Thanks for providing additional information. I am curious about one aspect of the debug output. The source address that it shows is10.1.1.54. 

How is the source address of a packet being sent to an interface with a public IP have a source address in an unroutable network?

HTH

Rick

And not only is the source address of the packet arriving on the outside interface a private address but it falls into the subnet of vlan1. 

HTH

Rick

This is where I start to get a bit lost as NAT is not my strong point.

Ahah! I've made a revelation. Don't laugh but when I was testing on my phone as my "external test" it wasn't really external as I forgot it was connected via wifi. So really it was an internal test.

So when I disconnected the wifi it still didn't work BUT I got a deny log which is what I expected originally. I just need to edit the acl. So the real problem here is why can't internal users use the ddns to get to my cameras.

I think they're never being translated because if I do a traceroute to my ddns there is only one hop and that's my external address. So if it never really exits the interface can it come back in?

We have made progress. And it is another demonstration that the more information we have to work with the better we are able to identify issues impacting the desired result.

And it confirms that the basic issue seems to be related to the access list.

This is not an unusual problem when devices inside need to access a device which is also accessed from outside. The optimum solution is a DNS for inside which will resolve the server address to its inside/private address and is separate from the external DNS which resolves the server name to its public address.

HTH

Rick

Thanks for all of the help Rick. Now I'm definitely out of my wheelhouse.

I have 3 public dns servers configured on my dhcp scope. Is this as simple as configuring myself an internal DNS server with the static entry (on my nas or centOS server) and changing the order of my dns servers?

Sean

That is the simplest solution yes.

You can if you want try to have the internal clients connect to the public IP and then the router translate it back to the private IP but that really can be tricky to get working.

Generally with an internal DNS server you would only hand out it's IP to the clients and then on the DNS server itself you would configure the other public IP DNS servers as forwarders ie. if your internal DNS server doesn't have a record it forwards it on to the one of the public DNS servers.

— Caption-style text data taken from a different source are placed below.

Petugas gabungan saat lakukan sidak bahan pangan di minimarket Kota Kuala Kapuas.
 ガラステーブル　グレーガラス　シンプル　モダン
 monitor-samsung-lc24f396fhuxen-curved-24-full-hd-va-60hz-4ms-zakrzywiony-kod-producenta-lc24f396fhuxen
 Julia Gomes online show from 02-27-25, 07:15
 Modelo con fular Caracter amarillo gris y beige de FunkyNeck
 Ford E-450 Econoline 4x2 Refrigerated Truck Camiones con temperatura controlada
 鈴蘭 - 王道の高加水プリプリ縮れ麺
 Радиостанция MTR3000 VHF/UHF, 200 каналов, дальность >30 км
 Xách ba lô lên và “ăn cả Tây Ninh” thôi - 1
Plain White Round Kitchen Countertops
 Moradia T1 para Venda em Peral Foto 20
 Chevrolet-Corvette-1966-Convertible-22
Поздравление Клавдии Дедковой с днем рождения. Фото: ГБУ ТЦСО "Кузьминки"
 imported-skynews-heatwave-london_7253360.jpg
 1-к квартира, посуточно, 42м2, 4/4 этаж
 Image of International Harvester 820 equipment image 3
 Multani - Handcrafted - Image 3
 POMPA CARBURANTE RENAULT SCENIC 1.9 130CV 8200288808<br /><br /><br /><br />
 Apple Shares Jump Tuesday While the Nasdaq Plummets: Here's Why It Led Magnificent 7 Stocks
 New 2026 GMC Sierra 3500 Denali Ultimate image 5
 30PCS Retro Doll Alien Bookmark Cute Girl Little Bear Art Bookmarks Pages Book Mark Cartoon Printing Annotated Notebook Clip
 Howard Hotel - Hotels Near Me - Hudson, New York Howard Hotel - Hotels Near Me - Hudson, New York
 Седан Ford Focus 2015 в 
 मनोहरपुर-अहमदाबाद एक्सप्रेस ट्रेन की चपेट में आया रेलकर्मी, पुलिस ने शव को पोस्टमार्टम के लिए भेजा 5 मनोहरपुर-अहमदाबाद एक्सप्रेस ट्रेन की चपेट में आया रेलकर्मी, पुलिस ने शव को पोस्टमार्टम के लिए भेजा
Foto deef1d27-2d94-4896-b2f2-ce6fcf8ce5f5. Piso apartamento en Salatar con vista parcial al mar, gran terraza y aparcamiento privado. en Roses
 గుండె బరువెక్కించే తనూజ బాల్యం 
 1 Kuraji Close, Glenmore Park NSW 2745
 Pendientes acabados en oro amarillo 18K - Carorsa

Like I say it's that or trying to get NAT to allow public to private IP for your internal clients.

Jon

Thanks Jon,

I'd rather not make my NAT configuration more complex. I suppose what I could do in lieu of requiring my DNS server to be up 24/7 is configure the router to the be the dns server with the static entry then have it forward to the public DNS servers. Does that sound like a good solution?